Romanova had been calling herself a “Narsatian” all her life, but she responded to the term in the way that her daughter had meant it and not in the way that she had always interpreted it. She said, “True. Narsai has no native sentient species, nor does Sestus 3. Of the five most habitable Outworlds, two were unoccupied when humans first arrived and two—Kesra, and Sestus 4—have accepted us only as immigrants, and only on a limited basis. Mortha’s the only Outworld where humans and native sentients been able to intermarry, to start to meld together into one people.”
“We own our house on Kesra, but most human families don’t,” Maddy admitted thoughtfully. “Most human residents are temporaries, and the government makes sure they leave when they’re supposed to. But Papa’s ancestors were given citizenship because they kept Kesra from being taken over by Terran colony-agents, over a hundred years ago.”
“I know.” Romanova smiled now, with both amusement at her daughter’s pedagogical tone and with honest reminiscence. “I lived in your father’s house on Kesra for more than twenty years, Maddy. I gave birth to all four of my babies there, and it was where your brothers grew up just as you have.”
The child knew that, perfectly well. But their visits on Kesra had always taken place in George Fralick’s presence. Today was the first occasion since her daughter had been a baby too small to walk or talk that Romanova had been allowed to spend time with her without that constraint, and it seemed that they now must talk about all the things that had gone unspoken before—that even as she introduced her child to the Narsatian half of her heritage, she must deal with the Kesran-resident half that was all Maddy had known until today.
“It’s so big,” Maddy said now, gazing at the expanse of land below them and seeing how tiny the farmhouse and the equipment barn and the control complex seemed by comparison. “And just two people run all of it?”
“Most of it’s automated. But in growing season we bring in hired hands, machines can’t do everything.” Romanova adjusted the controls, expertly. “We’re going down now.”
Down, in a graceful descent that she reversed when the readings on the aircar’s instrument panel did not jibe with those she had come to expect after having flown into this place a hundred times and more over the years since she had acquired her very first civilian pilot’s license.
What the hell…? She didn’t say it, because she didn’t want to alarm Maddy; but the young woman beside her realized something was wrong, and quietly brought the co-pilot’s seldom used control panel on line.

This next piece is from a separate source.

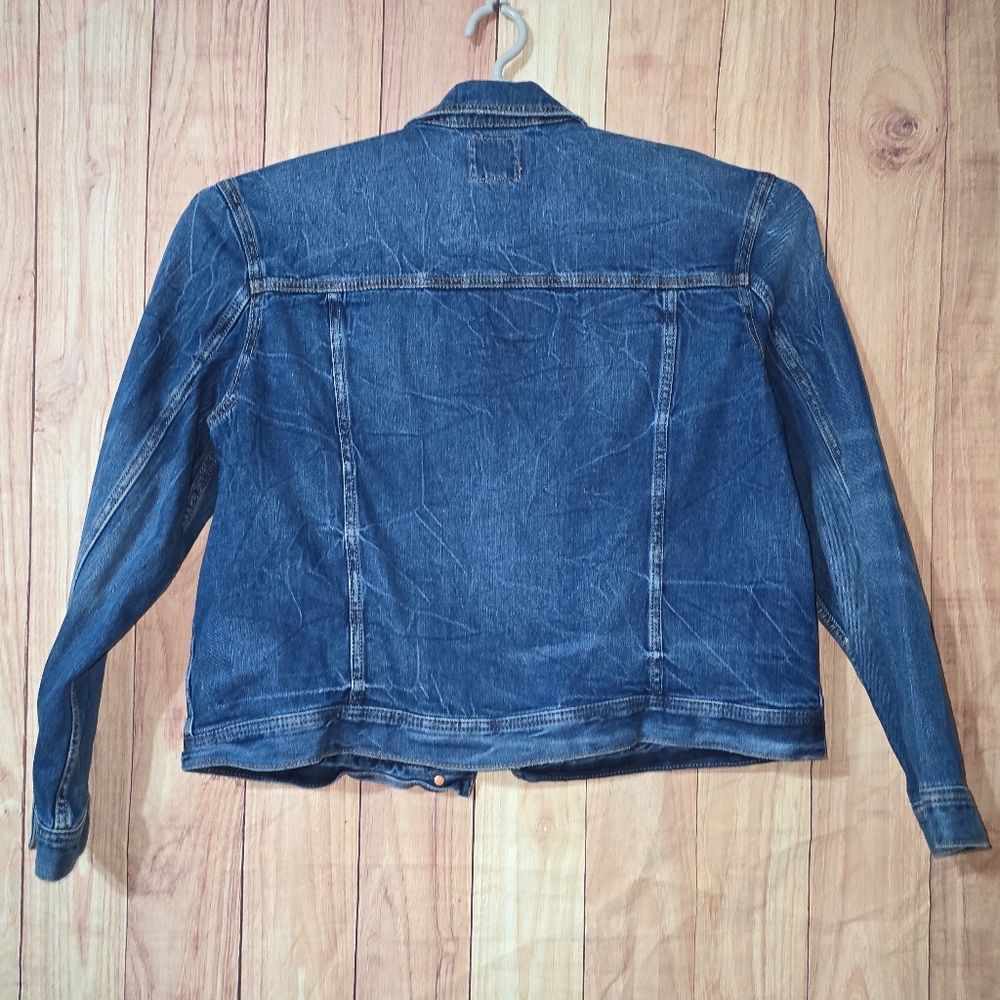 American Eagle Denim Medium Wash Botton Front Long Sleeve Blue Jacket XL - Picture 2 of 9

There was a vehicle under cover down there, and its readings didn’t belong to the Farmstead’s equivalent of the common-garage aircar that they were riding in now. Nor were those readings coming from the type of farm transports that at this season should not have been present, because Narsatians believed firmly that all vehicles should be utilized as continuously as possible in order to keep the numbers of them that must be built and kept operating down to a minimum. While the North Continent farms and ranches were resting under a blanket of winter snow, their vehicles were flown to the two southern continents and were put to use there until spring.